Jeune élève de Pasteur, Alexandre Yersin dépasse bientôt le maître, identifie le bacille la peste et s'en va voir la mer. Les palmes des Académies, les honneurs, la renommée, la carrière, intéressent bien moins cet homme, inconnu du grand public, que l'appétit de la connaissance sous des cieux étoilés.
Grand voyageur lui-même, Patrick Deville s'empare de la biographie de cet homme à cheval sur le XIXème et le XXème, pour la chahuter et mettre un joyeux désordre dans une existence de mesures et de chiffres. Yersin était un découvreur, un explorateur, un génie, un aventurier mais méthodique, sans passions ni sans fantaisie.
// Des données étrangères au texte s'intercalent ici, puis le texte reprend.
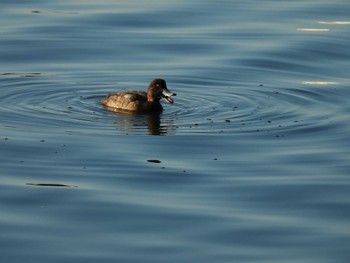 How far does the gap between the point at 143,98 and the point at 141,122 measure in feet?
3.07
Peste et Choléra combine les deux, insuffle sous les phrases courtes, hachées comme celles d' un protocole médical, la luxuriance de la jungle, les couleurs et les senteurs de l'Asie où vécut Yersin. Cela donne un roman qui caracole - y compris dans la liste du Goncourt - derrière deux guerres, deux siècles, quelques découvertes fameuses (l'usage de la quinine, l'ancêtre du Coca-Cola, le caoutchouc industriel...) et épingle comme des papillons des noms célèbres de grandes figures politiques et scientifiques. Passionnant !
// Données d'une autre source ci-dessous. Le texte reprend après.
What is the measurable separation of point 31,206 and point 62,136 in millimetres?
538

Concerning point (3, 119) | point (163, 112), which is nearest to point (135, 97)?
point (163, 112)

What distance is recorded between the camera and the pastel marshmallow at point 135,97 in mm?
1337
Patrick Deville : Peste et choléra, Seuil, 2012, 228p, 18€
Peut-on sans complexe se mettre dans la peau d'un jeune nord-africain de 18 ans, à l'heure des printemps arabes et de la déconfiture financière de l'Europe, et l'imaginer libre dans sa tête, nourri d'Islam et de littérature arabe autant que de polars français, rêvant d'amour et d'exil, et sachant déjà que le voyage sera sacrificiel ?
Mathias Enard n'hésite pas, dans ce roman tellement actuel qu'on y évoque les éléphants du Roi d'Espagne et les dernières élections françaises.
Lakhram est un jeune Marocain de Tanger qui, pour avoir "fauté", une seule fois, avec sa cousine Meryem, se retrouvera à la rue, et cherchera dès lors la voie vers un ailleurs dont il ne sait pas trop comment l'imaginer.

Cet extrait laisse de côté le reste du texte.